_Task to carry out_
Starting at the first line of the entries below, restate each line exactly until you reach the line with "Highlands - Perkins", and print that one too. Leave the pictures out and stop there.

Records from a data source
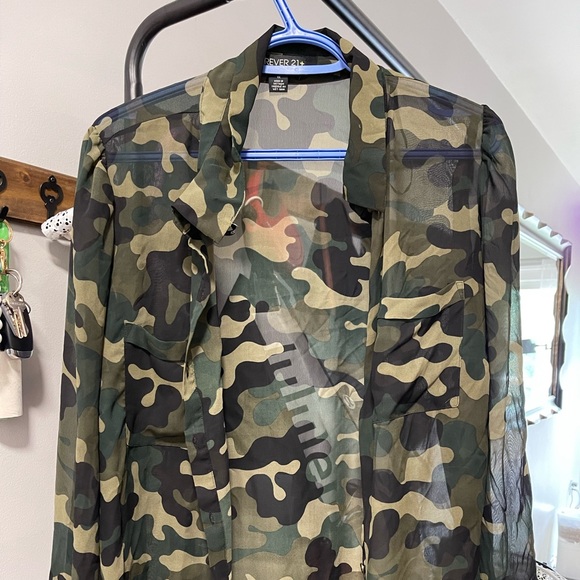 Forever 21 Camo blouse - Picture 1 of 3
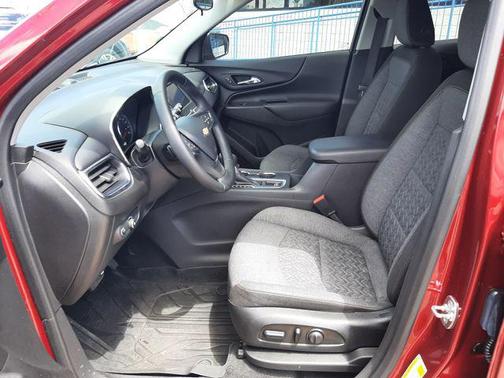 Radiant Red Tintcoat 2024 Chevrolet Equinox 1LT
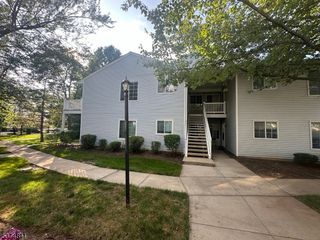 66 Mountain Court 66, Bedminster Twp., NJ 07921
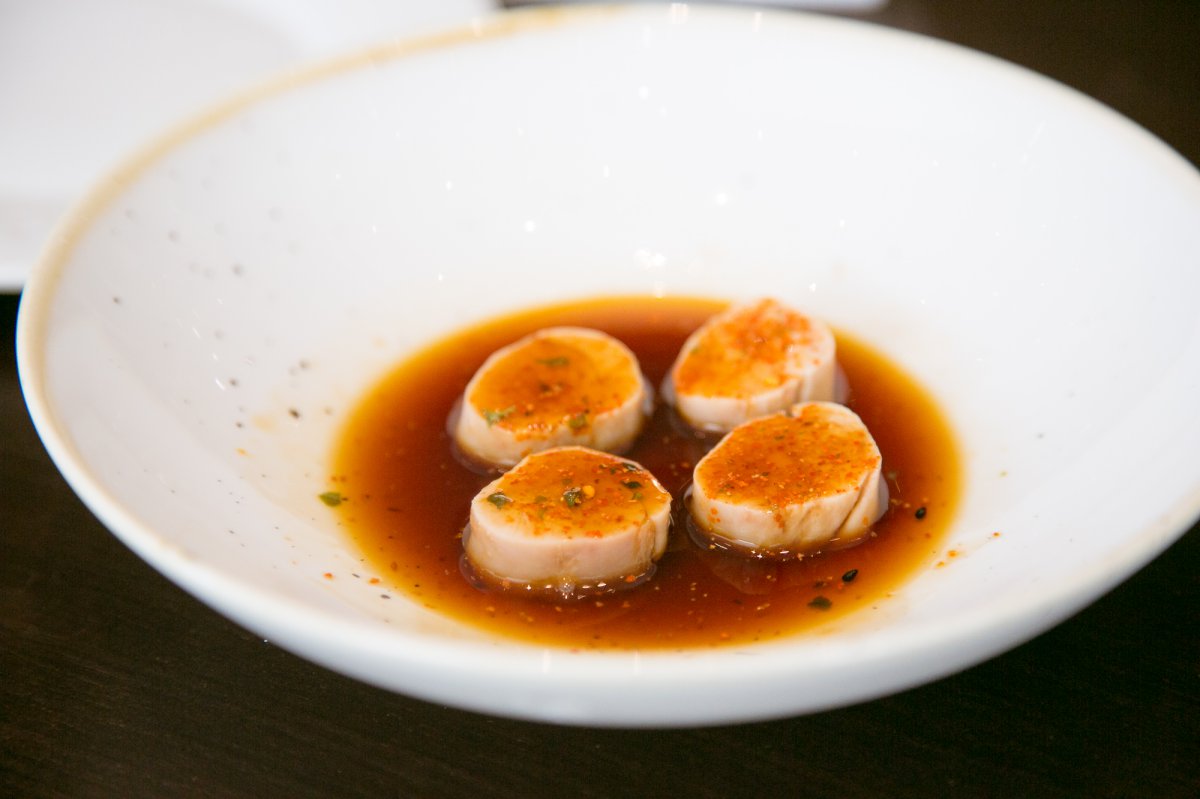 El aperitivo: Huevas de leche al estilo Ankimo con salsa ponzu. El aperitivo: Huevas de leche al estilo Ankimo con salsa ponzu.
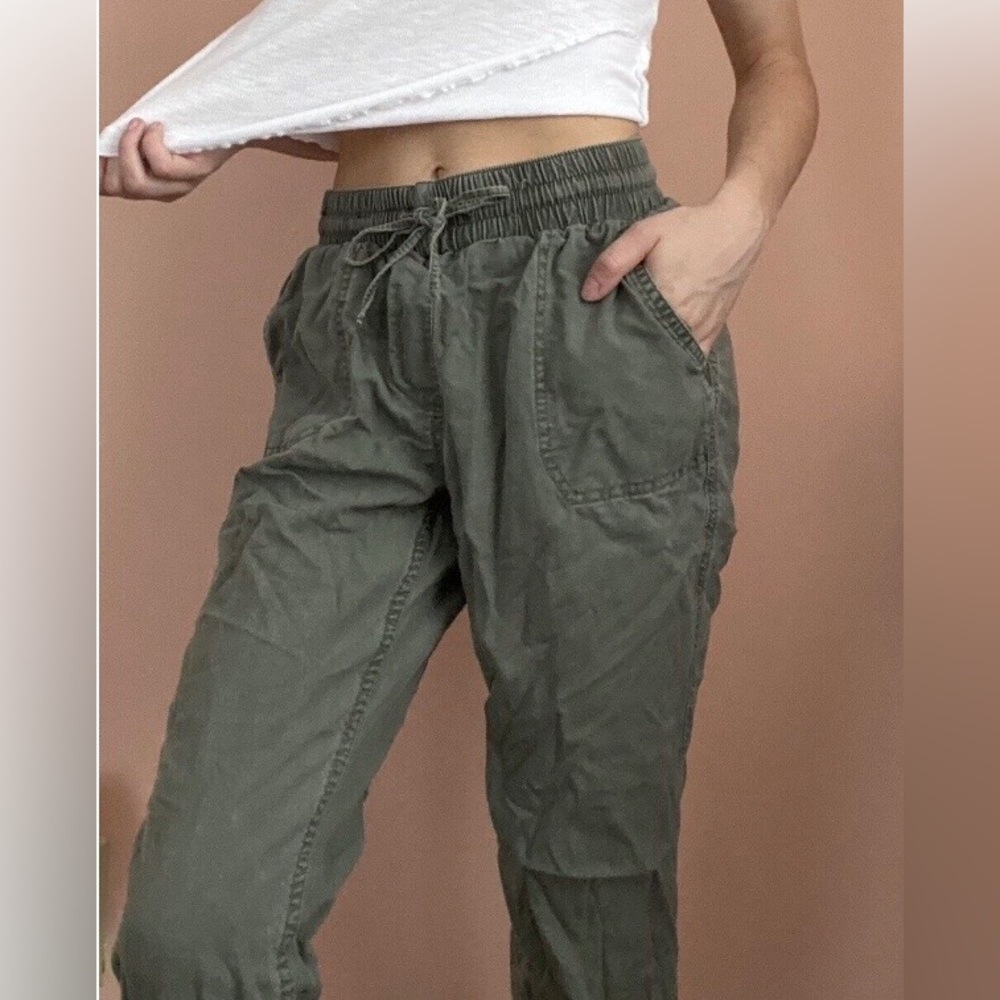 hollister army green cargo joggers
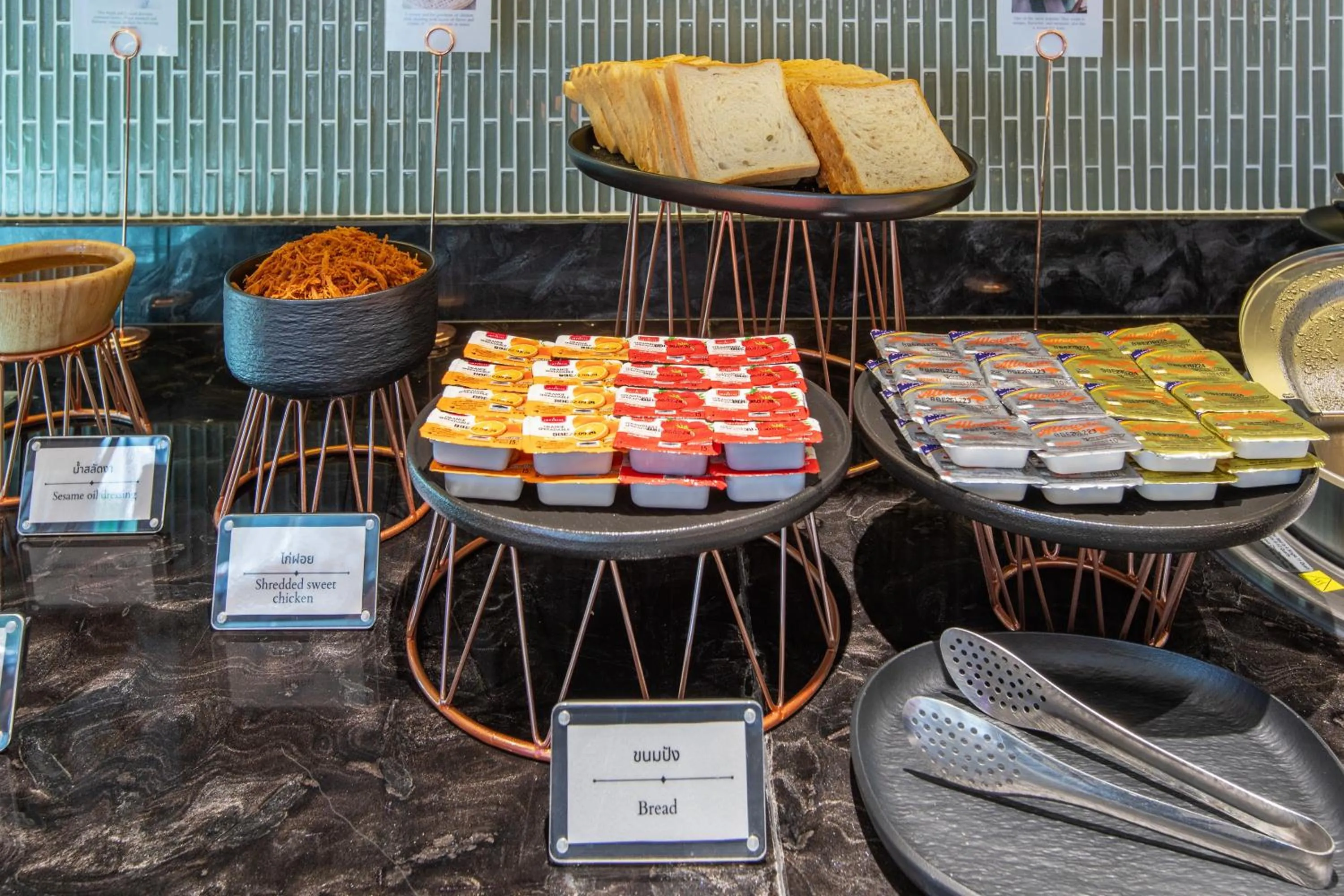 Restaurant/places to eat in Best Western Click Sathorn 11 Bangkok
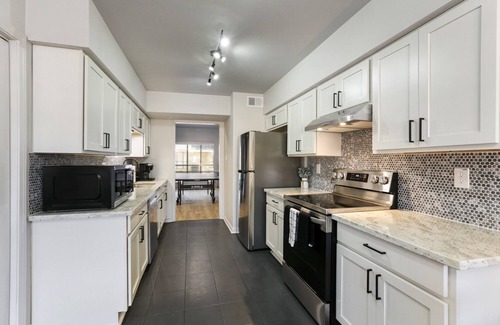 Highlands - Perkins House | La Maison Sharleaux - Gorgeous Modern Home with Yard and Games!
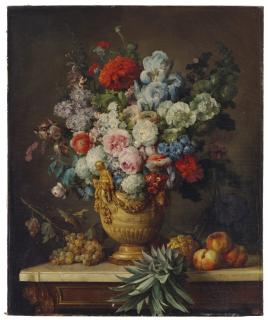 Anne Vallayer-Coster - Nature morte au vase d’albâtre rempli de fleurs avec sur une table plusieurs espèces de fruits, comme ananas, pêches et raisins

_Reply to the exercise_
 Forever 21 Camo blouse - Picture 1 of 3
 Radiant Red Tintcoat 2024 Chevrolet Equinox 1LT
 66 Mountain Court 66, Bedminster Twp., NJ 07921
 El aperitivo: Huevas de leche al estilo Ankimo con salsa ponzu. El aperitivo: Huevas de leche al estilo Ankimo con salsa ponzu.
 hollister army green cargo joggers
 Restaurant/places to eat in Best Western Click Sathorn 11 Bangkok
 Highlands - Perkins House | La Maison Sharleaux - Gorgeous Modern Home with Yard and Games!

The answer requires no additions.